> [EXERCISE INSTRUCTIONS]: Pictures stay out of the answer, but every line of the material must be restated exactly.

> [EXERCISE MATERIAL]:
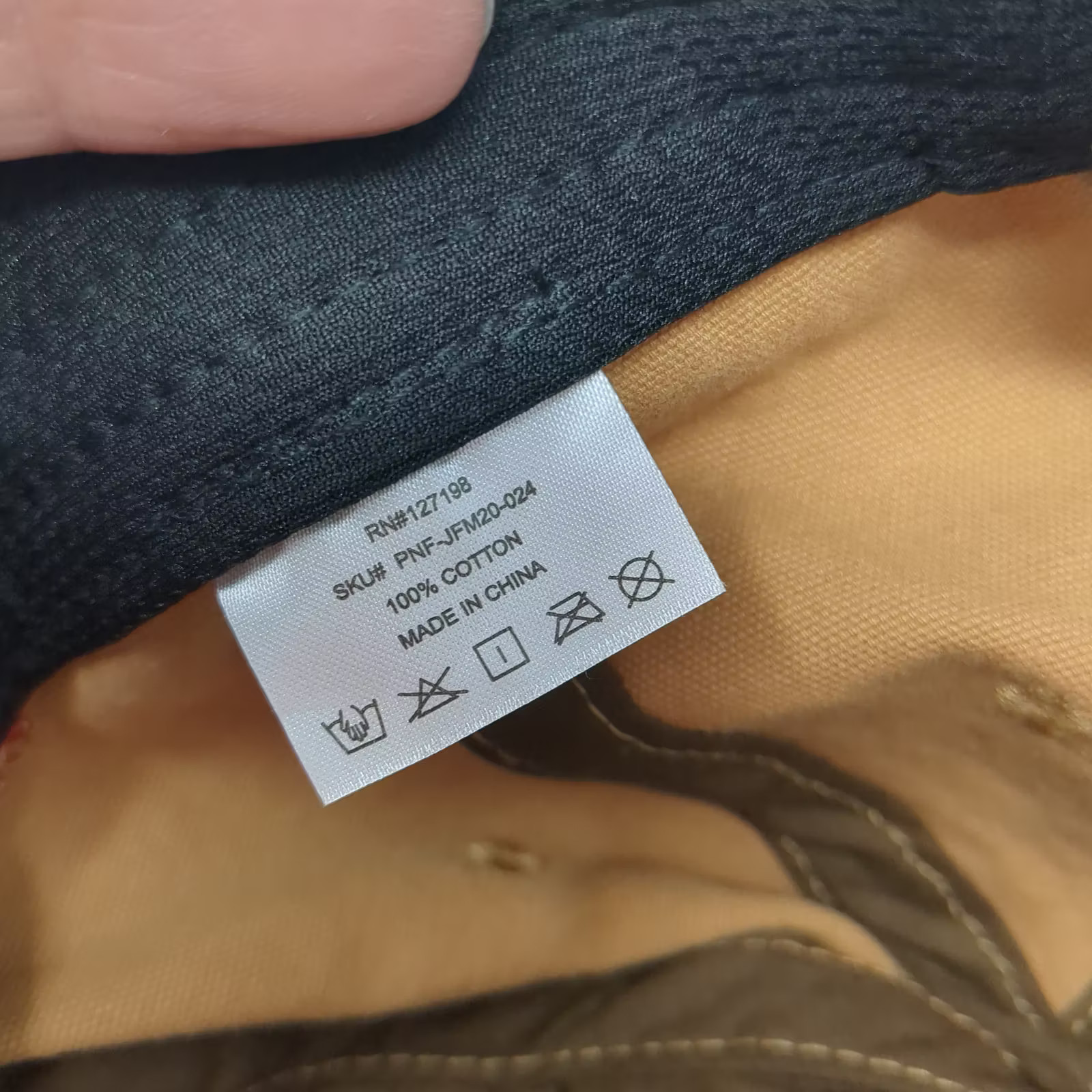 Pendleton Baseball Cap Brown White Strapback Hat … - image 9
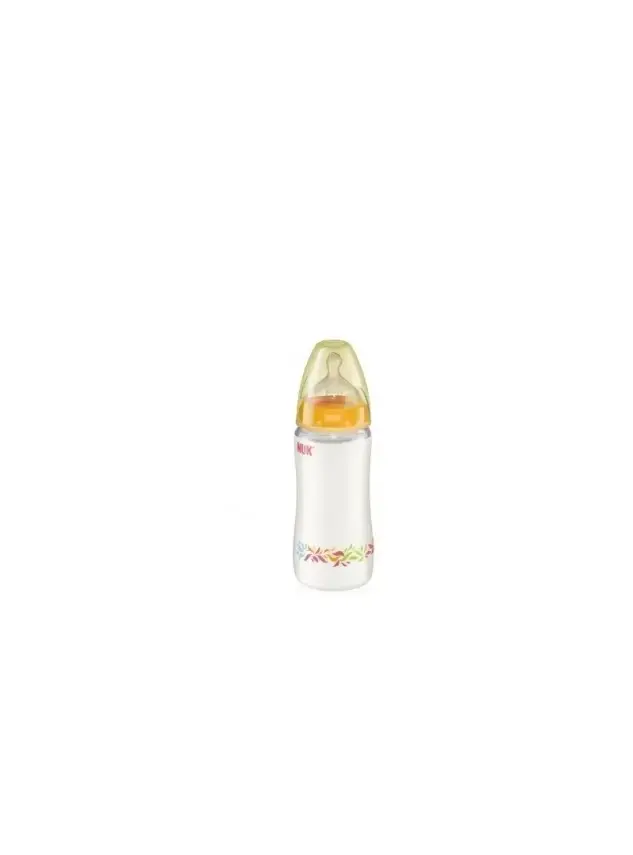 NUK FIRST CHOICE Silikon Emzikli Cam Biberon -240 ml- - 3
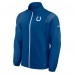 Кофта на молнии Indianapolis Colts Nike Sideline Woven Logo - Royal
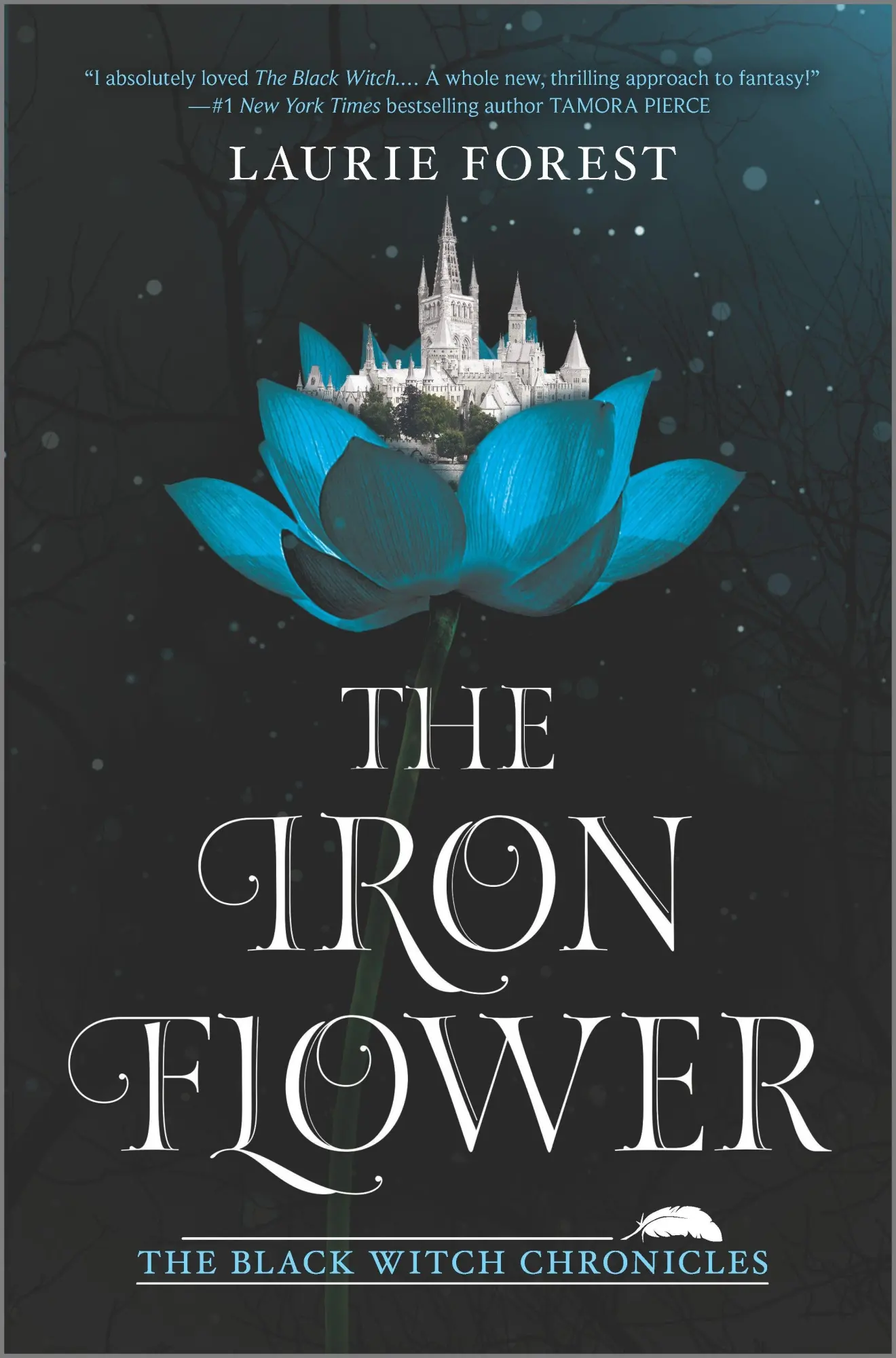 Cover: 9781335917393 | The Iron Flower | Laurie Forest | Buch | Black Witch Chronicles, 2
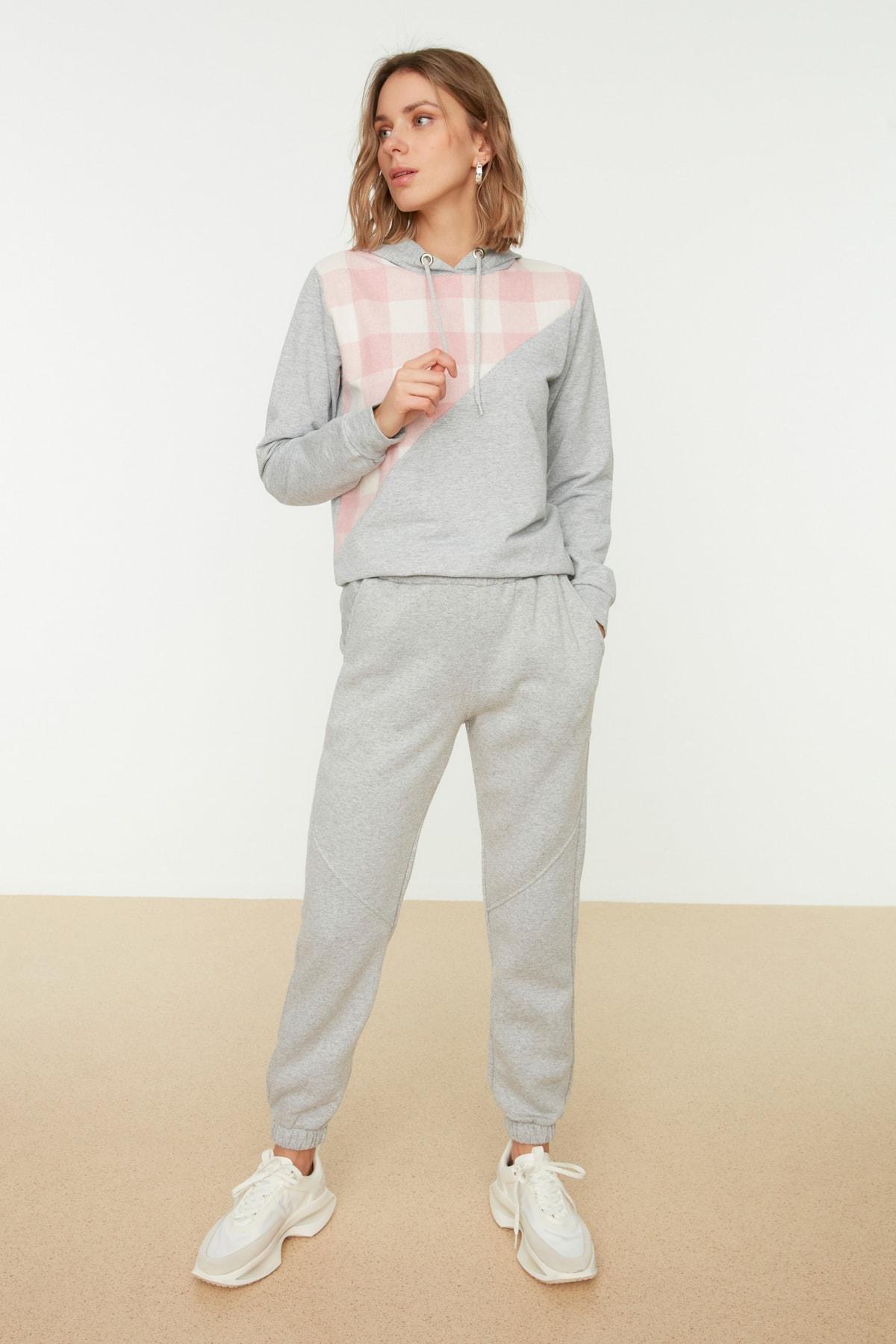 Grey Joggers Sweatpants, , large image number 0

> [ANSWER AREA]:
 Pendleton Baseball Cap Brown White Strapback Hat … - image 9
 NUK FIRST CHOICE Silikon Emzikli Cam Biberon -240 ml- - 3
 Кофта на молнии Indianapolis Colts Nike Sideline Woven Logo - Royal
 Cover: 9781335917393 | The Iron Flower | Laurie Forest | Buch | Black Witch Chronicles, 2
 Grey Joggers Sweatpants, , large image number 0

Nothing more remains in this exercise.